Patchy-zoned, inclusion-rich regions probably crystallized in gas-saturated environments during episodes of relatively large supersaturation because: (1) such regions are either cores (homogeneous nucleation?) or have flat inner terminations suggestive of a constructive rather than resorptive origin, (2) most such regions are relatively sodic (relatively large concentration gradients in the nearby melt?), (3) such regions terminate outward with irregular, convolute oscillatory zones suggestive of morphological instability, and (4) such regions are rich in inclusions of gas many of which are large and flat against the inner boundary suggesting onset of patchy-zoned growth together with effervescent decompression. Crystallization with effervescence is supported by decreasing Cl/K2O with increasing K2O for inclusions of glass. Patchy-zoned regions alternating with oscillatory-zoned regions suggest episodes of accelerated decompression.

Oscillatory zones are 0.5 to 8 μm thick; average internal compositional variation is about 1% An, with the most calcic portion being earliest. Although individual zones are thinnest on {010}, many thin zones on some forms correspond to non-oscillatory-zoned growth on {010} and other slow-growing forms, not cessation of growth. Consequently, zones are generally thinnest and most numerous on the fastest growing forms: {001}, {201}, {110}, and {110}. Discontinuous zones suggest dominant sideways rather than radial growth for individual zones. Thickening of zones on irrational or curved surfaces and in reentrants suggest dominant surface-attachment control of growth rate. Most of the zones correlate between opposite faces of the same crystal form on individual crystals. Some zones correlate between different crystals.

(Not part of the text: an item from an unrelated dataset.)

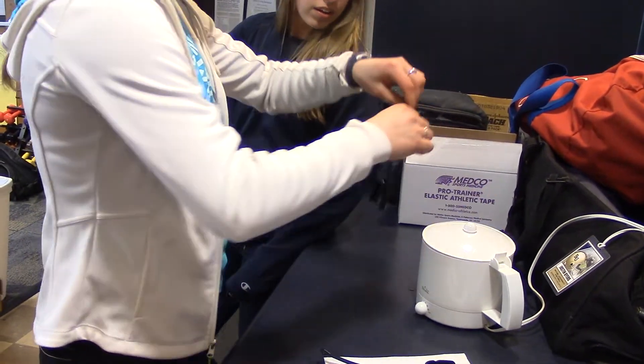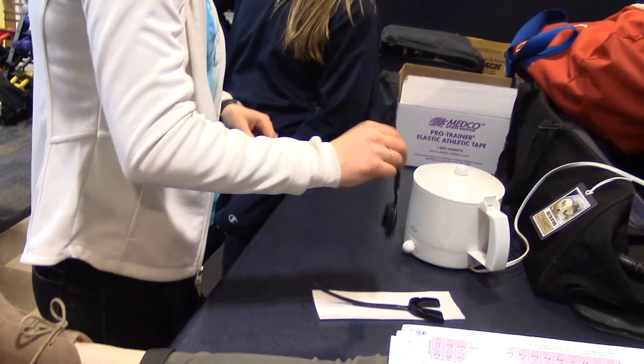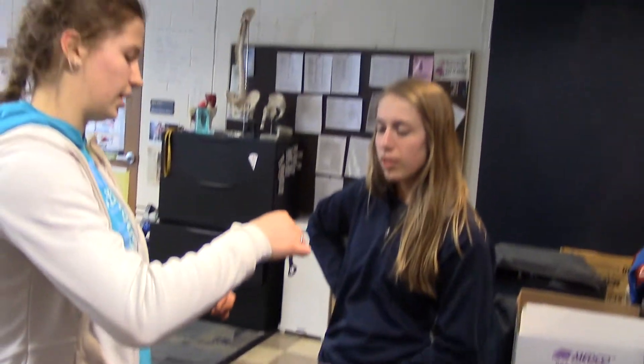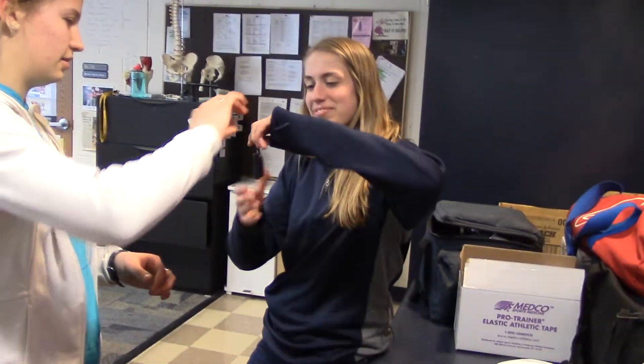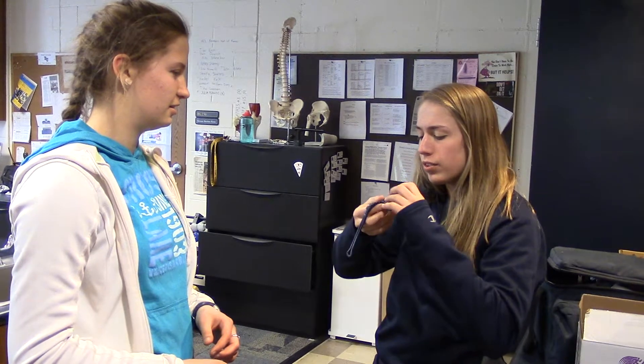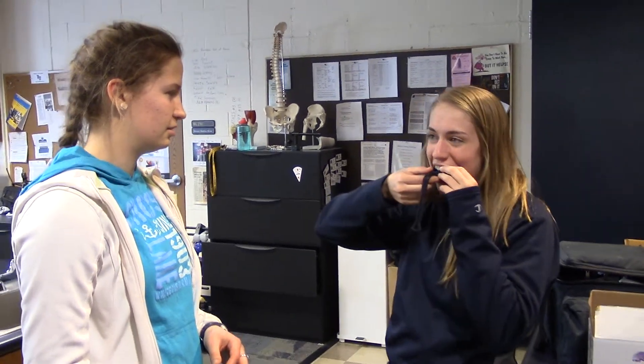All right, so you take this out, shake out the boiling water, and then put it in your mouth as far as you can and then bite down. Is it still hot? Yeah.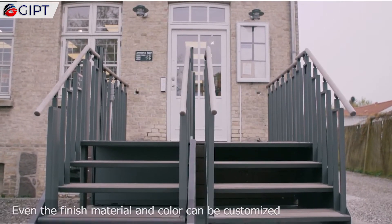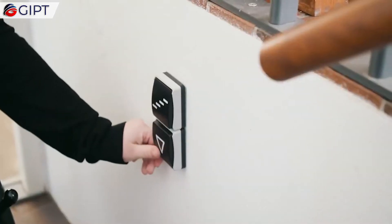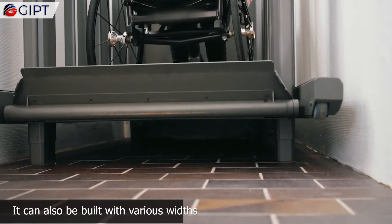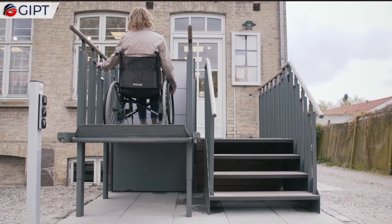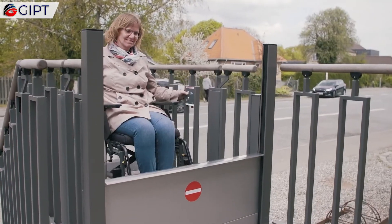Even the finish material and color can be customized. The configurations range from a two-step model to six-step models. It can also be built with various widths. The Flex Step has a lifting capacity of 400 kilograms.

The number of zones from the outside of the crystals to patchy-zoned regions or other disturbances cluster around 25 and 50. The various textural and compositional features of the zones are consistent with modulation of growth by hypothetical pulses of upward motion of a gas-saturated magma which sheared the boundary layer of melt near the growing crystals, thereby renewing the level of supersaturation at the crystal face. Tidal triggering of the motion seems likely. The oscillatory zones on the fast growing faces of the Fuego plagioclases probably are twice daily “ticks” of a volcanological “clock”.

Probably the Fuego magma body inherited initial unzoned crystals (cores). Subsequent growth probably accompanied ascent and was alternately patchy or oscillatory, possibly associated with various distances from the walls of the body: a crystal temporarily near a wall might ascend relatively slowly, experience only moderate decompression and supersaturation, and consequently grow only oscillatory zones; a crystal near the center of the body might ascend rapidly, experience greater decompression and supersaturation, and consequently grow some patchy-zoned regions. Explosive eruption could coextrude crystals from the various environments.